--- Dataset extract Enclosed Below ---

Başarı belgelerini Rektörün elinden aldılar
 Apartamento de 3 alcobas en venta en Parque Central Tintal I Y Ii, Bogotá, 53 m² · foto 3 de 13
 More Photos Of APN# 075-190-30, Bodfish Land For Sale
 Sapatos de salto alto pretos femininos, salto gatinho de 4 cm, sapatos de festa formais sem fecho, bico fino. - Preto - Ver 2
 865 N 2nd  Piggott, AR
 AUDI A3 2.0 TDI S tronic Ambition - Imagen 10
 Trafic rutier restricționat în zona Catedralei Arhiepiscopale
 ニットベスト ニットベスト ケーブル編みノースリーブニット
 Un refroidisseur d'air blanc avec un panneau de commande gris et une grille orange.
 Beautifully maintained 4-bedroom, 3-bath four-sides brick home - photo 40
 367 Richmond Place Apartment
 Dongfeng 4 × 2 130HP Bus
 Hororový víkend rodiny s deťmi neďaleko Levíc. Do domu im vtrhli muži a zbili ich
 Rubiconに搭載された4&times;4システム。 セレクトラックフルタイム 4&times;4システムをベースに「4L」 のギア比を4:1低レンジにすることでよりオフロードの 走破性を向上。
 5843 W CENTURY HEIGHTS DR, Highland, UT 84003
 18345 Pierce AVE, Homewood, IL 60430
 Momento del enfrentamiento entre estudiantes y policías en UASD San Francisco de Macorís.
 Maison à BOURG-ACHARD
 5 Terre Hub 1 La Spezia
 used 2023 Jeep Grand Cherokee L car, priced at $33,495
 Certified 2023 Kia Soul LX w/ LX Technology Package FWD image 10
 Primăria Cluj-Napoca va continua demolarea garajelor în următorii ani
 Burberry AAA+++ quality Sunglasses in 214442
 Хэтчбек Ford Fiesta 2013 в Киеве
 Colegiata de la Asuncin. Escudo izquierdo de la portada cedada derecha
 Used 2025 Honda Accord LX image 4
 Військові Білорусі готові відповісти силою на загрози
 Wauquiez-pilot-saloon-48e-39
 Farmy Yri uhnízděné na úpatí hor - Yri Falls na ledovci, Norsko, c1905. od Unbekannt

--- End of Enclosed Dataset extract ---

### Problem requirements
The requested lines run from the one with "Used 2025 Honda Accord LX image 4" through the last line of the records. Return them exactly.

### Answer section
 Used 2025 Honda Accord LX image 4
 Військові Білорусі готові відповісти силою на загрози
 Wauquiez-pilot-saloon-48e-39
 Farmy Yri uhnízděné na úpatí hor - Yri Falls na ledovci, Norsko, c1905. od Unbekannt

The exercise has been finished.